- De fortes conséquences humaines causées par le réchauffement climatique
- Les personnes âgées, malades et précaires en première ligne face à ces canicules :
- La généralisation et l'intensification des vagues de canicule comme une problématique de santé publique de grande ampleur ?
De fortes conséquences humaines causées par le réchauffement climatique
Trois vagues de canicule ont été recensées du début du mois de juin à la fin du mois d’aout en Belgique. Ces épisodes de très fortes chaleurs ont engendré une surmortalité de 3 000 personnes et apparaissent comme un effet alarmant des conséquences humaines et directes du réchauffement climatique.
Les vagues de canicule représentent des périodes prolongées de chaleurs extrêmes diurnes et nocturnes particulièrement élevées qui persistent pendant plusieurs jours consécutifs. Au pic de la canicule du mois de juin, la température de 40,4°C a été recensée le 27 juin dans la province de Namur par exemple.
L’été 2026 en Belgique est l’été le plus chaud jamais enregistré en Belgique, depuis le début des mesures en 1833. La température moyenne recensée est de 20,3°C contre 17,9°C en moyenne « normale ».
La première vague de fortes chaleurs du mois de juin 2026 a été la plus meurtrière. En effet, 2 000 décès supplémentaires ont été déplorés lors de la vague de chaleur du mois de juin, avec un pic à 641 décès anormaux sur la journée du 27 juin. Le taux de surmortalité est ainsi monté à 48% de plus que les prévisions démographiques.
La seconde vague de fortes chaleurs est survenue entre le 4 et le 17 juillet et a quant à elle fait état de 535 décès de plus que la normale. Ce qui représente une surmortalité de 14,8%.
Finalement, la troisième et dernière période de canicule à avoir été recensée est celle de la période du 28 juillet au 16 août et aurait engendré 365 décès supplémentaires, ce qui représente une surmortalité d’approximativement 8,5%.
Les personnes âgées, malades et précaires en première ligne face à ces canicules :
Le groupe d’âge le plus concerné par cette surmortalité représente les personnes de plus de 65 ans. Une surmortalité significative a également été recensée chez les personnes de moins de 65 ans.
À ces constats statistiques en lien avec les différentes tranches d’âges s’ajoute la situation sanitaire et socioprofessionnelle des individus touchés. Il est important de rappeler que les personnes porteuses de handicaps et de maladies font partie des premières victimes de surmortalité en lien avec les vagues de canicule.
De plus, les professions les plus physiques et précaires, comme l’ensemble des métiers du bâtiment, par exemple, sont les métiers les plus exposés au danger lors de ces périodes de fortes chaleurs. Sans possibilité de télétravail, souvent en extérieur et directement exposés au soleil, les fortes chaleurs ont rendu ces professions encore plus pénibles et dangereuses qu’elles ne le sont déjà.
Le 14 juillet dernier, six travailleurs du chantier de la tour OXY ont perdu la vie dans un incendie sur leur lieu de travail. Au moment de l’incendie, les travailleurs présents travaillaient en pleine seconde vague de canicule, sous une température de plus de 35°C.

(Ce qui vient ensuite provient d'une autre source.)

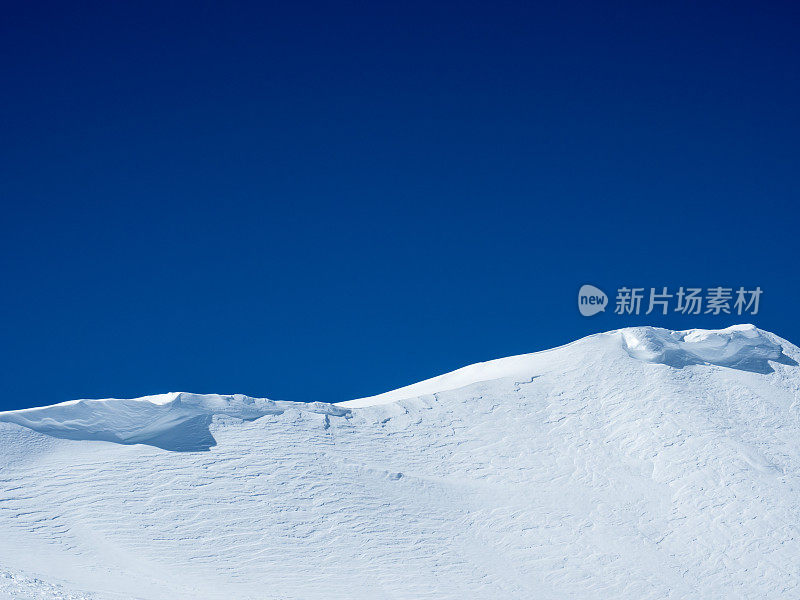 大的雪飞檐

À ces différentes situations s’ajoutent celles des ménages précaires et des personnes sans chez-soi, qui plus que jamais ont été confrontées à l’inconfort et au danger provoqués par ces conditions climatiques extrêmes.
La généralisation et l’intensification des vagues de canicule comme une problématique de santé publique de grande ampleur ?

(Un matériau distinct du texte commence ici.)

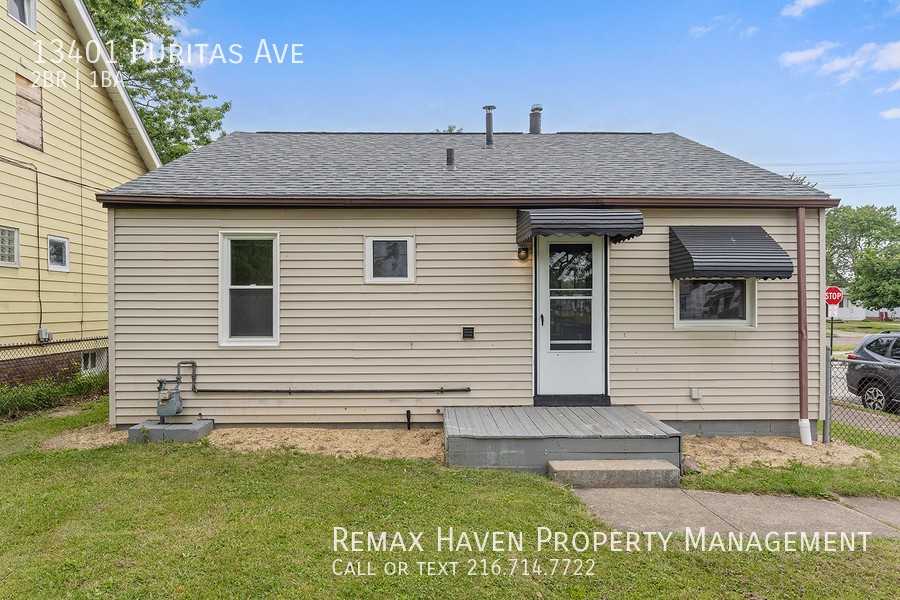 13401 Puritas Ave - Photo 3 of 20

Si cet été a été le plus chaud que la Belgique n’ait jamais vécu, il sera certainement le plus froid des décennies à venir. Face au réchauffement climatique provoqué par le système capitaliste, ce type d’épisodes de chaleurs extrêmes va se généraliser, durer davantage de temps et gagner en intensité.
Les conséquences humaines provoquées par le réchauffement climatique ne sont plus à questionner, il n’est pas question de savoir si des épisodes de canicules, d’incendies ou encore de violentes intempéries et d’inondations feront des victimes humaines, mais de comprendre quels seront les groupes sociaux qui seront proportionnellement les plus touchés.

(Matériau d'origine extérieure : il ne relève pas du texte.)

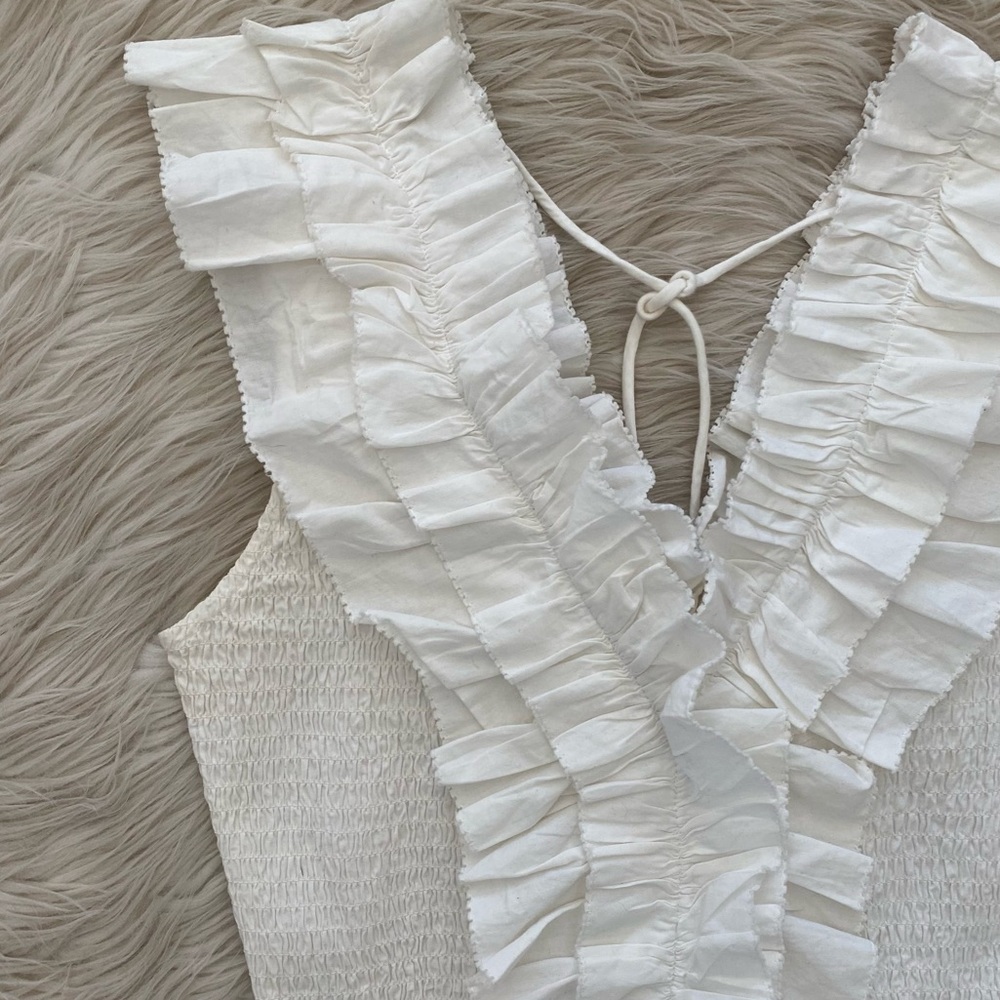 Love The Label Zephyr Top White Smocked Ruffled Neckline Sleeveless Tank Shirt S - Picture 3 of 9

Les canicules, comme l’ensemble du dérèglement climatique, sont causées par le système capitaliste, qui, en plus d’asservir les travailleur.euses du monde entier, de puiser les ressources terrestres dans une optique de course constante au profit et à la production, dérègle les équilibres planétaires et rend peu à peu les conditions de vie sur terre de plus en plus dangereuses.